- _The records_:
====
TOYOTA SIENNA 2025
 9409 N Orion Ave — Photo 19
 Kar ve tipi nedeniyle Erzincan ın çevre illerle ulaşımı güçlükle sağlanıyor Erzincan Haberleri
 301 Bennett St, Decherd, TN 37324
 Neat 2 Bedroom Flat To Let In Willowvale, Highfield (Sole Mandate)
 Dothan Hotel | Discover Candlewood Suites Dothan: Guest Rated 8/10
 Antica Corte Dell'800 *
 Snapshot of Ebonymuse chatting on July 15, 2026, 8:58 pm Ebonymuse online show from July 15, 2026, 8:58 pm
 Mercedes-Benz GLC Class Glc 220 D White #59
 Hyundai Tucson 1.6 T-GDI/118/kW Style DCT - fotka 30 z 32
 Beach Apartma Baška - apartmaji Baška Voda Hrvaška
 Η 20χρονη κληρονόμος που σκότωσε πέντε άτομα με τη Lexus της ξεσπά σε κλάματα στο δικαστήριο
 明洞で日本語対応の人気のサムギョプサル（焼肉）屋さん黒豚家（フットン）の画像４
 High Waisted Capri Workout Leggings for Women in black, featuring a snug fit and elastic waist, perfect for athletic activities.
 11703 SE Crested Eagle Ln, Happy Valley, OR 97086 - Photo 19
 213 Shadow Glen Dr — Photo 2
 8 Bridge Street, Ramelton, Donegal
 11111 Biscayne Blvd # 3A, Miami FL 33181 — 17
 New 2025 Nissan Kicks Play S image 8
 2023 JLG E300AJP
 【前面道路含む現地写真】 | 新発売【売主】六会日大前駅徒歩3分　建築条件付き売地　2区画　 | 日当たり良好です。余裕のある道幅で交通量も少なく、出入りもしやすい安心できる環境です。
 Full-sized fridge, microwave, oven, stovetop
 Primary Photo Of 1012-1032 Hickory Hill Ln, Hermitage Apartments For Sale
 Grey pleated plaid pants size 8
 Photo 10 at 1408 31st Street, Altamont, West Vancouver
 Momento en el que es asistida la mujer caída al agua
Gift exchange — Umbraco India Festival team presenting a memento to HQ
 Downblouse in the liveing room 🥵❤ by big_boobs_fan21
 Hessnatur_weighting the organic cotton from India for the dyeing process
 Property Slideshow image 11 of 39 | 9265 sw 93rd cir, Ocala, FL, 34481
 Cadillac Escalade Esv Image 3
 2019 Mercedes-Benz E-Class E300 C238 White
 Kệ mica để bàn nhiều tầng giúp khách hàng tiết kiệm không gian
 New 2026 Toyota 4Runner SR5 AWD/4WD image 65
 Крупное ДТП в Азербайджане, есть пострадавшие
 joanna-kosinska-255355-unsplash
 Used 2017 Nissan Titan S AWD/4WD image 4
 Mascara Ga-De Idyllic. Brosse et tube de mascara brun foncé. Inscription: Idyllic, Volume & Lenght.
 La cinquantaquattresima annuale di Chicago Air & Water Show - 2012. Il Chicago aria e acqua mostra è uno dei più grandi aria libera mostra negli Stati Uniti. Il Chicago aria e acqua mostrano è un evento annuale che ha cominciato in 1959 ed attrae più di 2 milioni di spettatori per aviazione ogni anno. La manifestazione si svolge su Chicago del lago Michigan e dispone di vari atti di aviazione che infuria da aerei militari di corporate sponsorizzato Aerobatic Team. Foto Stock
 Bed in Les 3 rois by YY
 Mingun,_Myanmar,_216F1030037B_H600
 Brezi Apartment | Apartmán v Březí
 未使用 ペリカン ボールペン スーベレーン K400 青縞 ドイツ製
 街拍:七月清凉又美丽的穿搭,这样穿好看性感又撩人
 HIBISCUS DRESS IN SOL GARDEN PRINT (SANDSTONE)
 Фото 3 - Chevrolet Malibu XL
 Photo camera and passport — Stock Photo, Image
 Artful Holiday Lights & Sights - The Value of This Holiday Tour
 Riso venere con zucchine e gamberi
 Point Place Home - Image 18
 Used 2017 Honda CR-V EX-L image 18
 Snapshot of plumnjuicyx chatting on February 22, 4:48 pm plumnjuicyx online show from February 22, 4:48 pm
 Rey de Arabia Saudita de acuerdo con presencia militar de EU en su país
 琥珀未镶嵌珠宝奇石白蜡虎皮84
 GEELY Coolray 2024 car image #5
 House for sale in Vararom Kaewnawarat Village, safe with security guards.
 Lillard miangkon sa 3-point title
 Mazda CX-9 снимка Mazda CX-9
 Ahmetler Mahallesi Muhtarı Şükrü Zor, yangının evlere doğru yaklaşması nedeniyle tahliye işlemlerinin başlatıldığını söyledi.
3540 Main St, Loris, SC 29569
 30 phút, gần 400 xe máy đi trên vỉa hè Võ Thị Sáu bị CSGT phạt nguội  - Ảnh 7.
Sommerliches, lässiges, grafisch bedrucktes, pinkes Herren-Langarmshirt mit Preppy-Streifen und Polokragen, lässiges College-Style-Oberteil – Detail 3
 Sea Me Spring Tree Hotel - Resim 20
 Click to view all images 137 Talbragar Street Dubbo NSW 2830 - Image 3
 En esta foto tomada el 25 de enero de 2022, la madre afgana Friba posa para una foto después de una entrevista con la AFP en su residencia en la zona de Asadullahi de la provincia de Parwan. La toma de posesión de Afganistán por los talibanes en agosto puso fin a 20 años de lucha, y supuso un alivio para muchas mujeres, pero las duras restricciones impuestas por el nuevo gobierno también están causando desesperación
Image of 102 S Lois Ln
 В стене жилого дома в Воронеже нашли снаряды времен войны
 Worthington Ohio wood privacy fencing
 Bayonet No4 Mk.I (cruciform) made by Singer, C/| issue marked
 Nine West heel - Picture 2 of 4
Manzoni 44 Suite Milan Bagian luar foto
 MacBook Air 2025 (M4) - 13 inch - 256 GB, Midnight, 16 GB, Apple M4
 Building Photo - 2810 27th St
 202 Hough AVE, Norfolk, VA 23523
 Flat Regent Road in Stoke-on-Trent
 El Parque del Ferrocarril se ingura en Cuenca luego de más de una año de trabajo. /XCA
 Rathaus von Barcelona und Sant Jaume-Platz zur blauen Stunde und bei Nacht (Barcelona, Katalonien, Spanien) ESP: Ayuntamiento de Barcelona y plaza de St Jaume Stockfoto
====
- _The problem_:
Every line of the entries above that holds "West" should be copied out.

- _Exercise response_:
 Photo 10 at 1408 31st Street, Altamont, West Vancouver
 Nine West heel - Picture 2 of 4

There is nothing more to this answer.